Havana Syndrome, assumed to be a mysterious ailment, causing one to be debilitated, first emerged among American diplomats stationed in Havana, Cuba. Yet, it wasn’t confined to foreign service personnel alone. Cherice Moore, along with her children, bore the brunt of this insidious affliction while serving in the active duty U.S. Army. Despite a significant acknowledgment by the military that electronic devices had been used against them on a TRADOC post and the Secretary of Defense, Lloyd J. Austin III” issuing an official memo, their pleas for assistance fell on deaf ears.
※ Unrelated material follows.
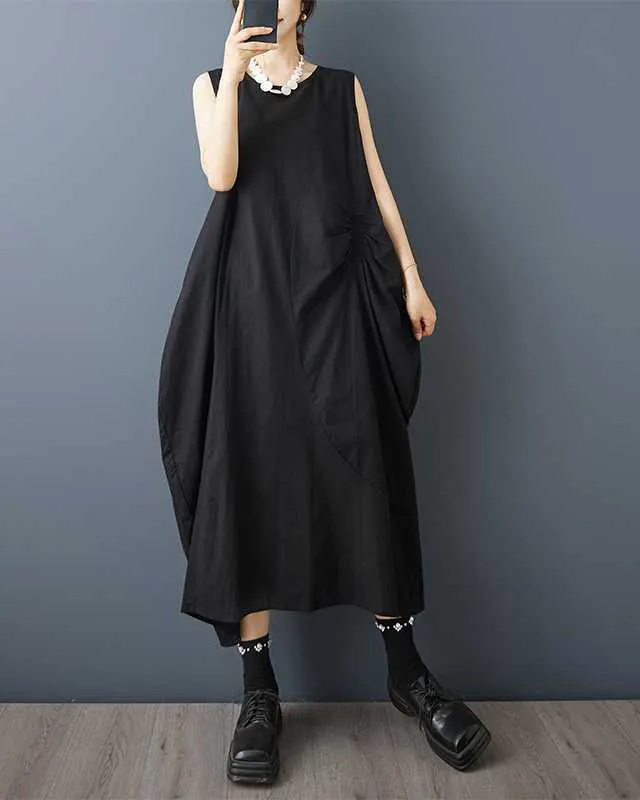 Ruched Detail Sleeveless Round Neck Loose Maxi Dress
The government’s decision to only acknowledge, compensate, and treat diplomats while leaving its own servicemember to suffer in silence is a profound injustice that Cherice Moore and her family experienced firsthand. Their battle with Havana Syndrome was not only physically grueling but emotionally and financially draining as well. However, adversity often sparks the birth of champions, and Cherice Moore emerged as a beacon of hope for countless others trapped in the same nightmare.
In a testament to her indomitable spirit, Cherice Moore founded “Say Hell No Today,” a nonprofit organization aimed at supporting those affected by electronic harassment. The name itself is a powerful declaration of defiance against the forces that threaten the well-being of individuals and their families. The organization has swiftly become a lifeline for victims of electronic harassment, offering support, resources, and a sense of community that was sorely lacking for far too long. It serves as a reminder that one person’s determination can transform adversity into a force for good.
Through “Say Hell No Today,” Cherice Moore is amplifying the voices of the voiceless, advocating for recognition and assistance for all who suffer from Havana Syndrome, regardless of their affiliation. The organization has been instrumental in raising awareness about the issue, pressing for policy changes, and providing vital support to those who have been overlooked for far too long. Her determination to bring justice to all victims of electronic harassment burns brighter
with each passing day. With unwavering resolve, she continues to challenge the status quo, pushing for accountability and assistance from the military and the government.
As Cherice Moore and her nonprofit continue their crusade for justice and support, they serve as an inspiration to us all, proving that even in the face of adversity, hope and change are possible. Together, they are lighting the path towards a brighter, more just future for all those affected by electronic harassment, ensuring that no one is left behind and becomes a Fallen Comrade.